Foxfire – Kritik
Ein Missverständnis aus dokumentarischem Anspruch und Spielfilm.

Laurent Cantet mag es metadiskursiv. Spätestens seit Entre les murs (Die Klasse, 2008), einer Romanverfilmung über eine schwer erziehbare Schulklasse in einem Pariser Randbezirk, gibt es bei Cantet ein filmisches Konzept auszumachen, das sich immer wieder in selbstreflexive Schleifen kehrt. Der französische Regisseur kombiniert in der Regel einen knallharten Sozialrealismus, dessen Storylines er sich häufig aus Romanvorlagen holt, mit dem Einsatz von Laienschauspielern. Das weitestgehend freie Spiel seines Casts fängt er am Set mit einer Vielzahl von Kameras ein, um ja keinen Augenblick Authentizität zu verpassen. Dabei nehmen sich Cantets Filme immer wieder selbst in den Blick, steht doch die Frage im Fokus, was allein der Film sieht, wo sonst kein anderer hinschauen kann oder will.
Das bewusste Herausstellen der filmischen Arbeit, das Dokumentarische, dort wo sich eigentlich der klassische Spielfilm breitmachen sollte, findet sich nun noch zugespitzter auch in seinem ersten englischsprachigen Film Foxfire: Confessions of a Girl Gang (Foxfire).
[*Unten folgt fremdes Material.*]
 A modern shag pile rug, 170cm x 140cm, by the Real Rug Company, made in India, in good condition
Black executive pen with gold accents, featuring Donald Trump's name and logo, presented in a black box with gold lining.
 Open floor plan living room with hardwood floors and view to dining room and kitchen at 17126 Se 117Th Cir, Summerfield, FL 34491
An dessen Anfang stellt Cantet eine lose Folge von Erinnerungsbildern, die von einer Schreibmaschine über eine Telefonzelle hin zu sphärischen Aufnahmen eines trostlosen Vororts in Upstate New York reichen. Man könnte diesen Auftakt, in dem die Anwesenheit der Kamera in jedem einzelnen der Bilder spürbar wird, als eine Mediengeschichte lesen, die nacheinander analoges und digitales Zeitalter nachstellt.
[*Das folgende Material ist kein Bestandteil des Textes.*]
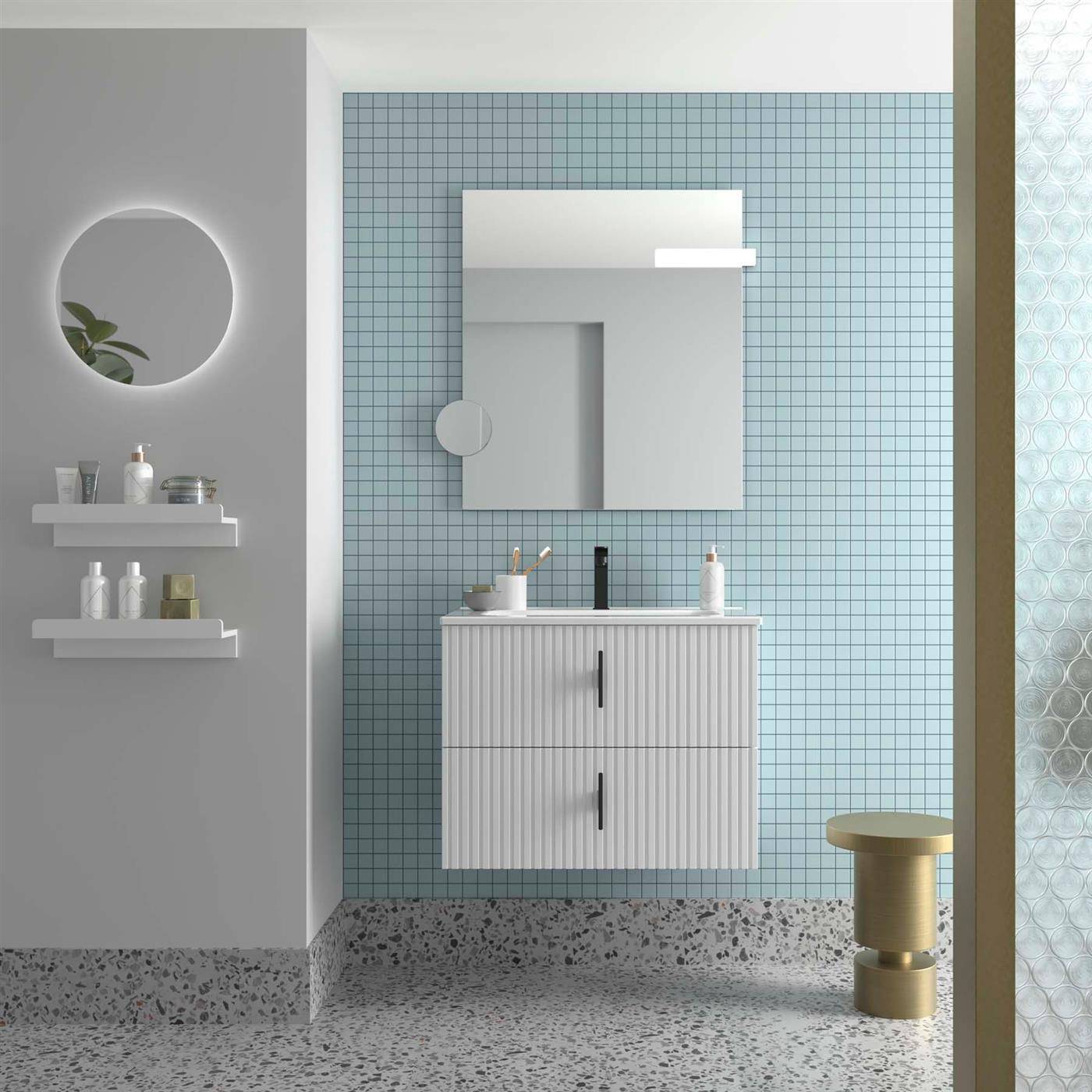 Modernes Minimalist-Badezimmer mit an der Wand montiertem Waschtisch und Spiegelschrank vor einer blaufliesigen Wand, sowie einem runden Spiegel, Regalen und einem kleinen goldfarbenen Hocker.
Kann man, muss man aber nicht. Denn zuvorderst ist Foxfire dann doch eine Coming-of-Age-Geschichte einer revoltierenden Mädchenbande in den USA der 1950er Jahre. 1993 schrieb Joyce Carol Oates den gleichnamigen Roman, auf dessen Grundlage Cantet in extremer Werktreue seinen Film aufbaut. Im scheinheiligen und patriarchalischen Amerika der Nachkriegszeit gründet die junge Legs wider ihre autoritäre Umgebung einen geheimen Mädchenring mit Namen Foxfire, der nach vereinzelten Protestaktionen gegen die ortsansässige Kleintierhandlung oder den sexistischen Lehrer zunehmend in die Illegalität abdriftet. Oates’ Roman, der auf seine Abfassung immerhin bis in die 1990er gewartet hat, erzählt mit dem Heraufbeschwören eines neuen Zeitalters sozialer Gerechtigkeit, in dem Frauen das Wort führen, letztlich einen Mythos. Doch gerade die Unglaubwürdigkeit des romantisch verklärten Bildes einer Gruppe junger Amerikanerinnen im Teenager-Alter, die sich ein Haus kaufen und plötzlich ihr Leben selbst bestreiten, macht den Roman so interessant: Die Fabel von Gesetz und Sozialmoral lässt sich kritisch nämlich nur dann vermitteln, wenn sie ihren utopischen Charakter nicht völlig über Bord wirft und dabei die notwendige Willkür hinter einem jedem Rechtssystem in den Blick nimmt.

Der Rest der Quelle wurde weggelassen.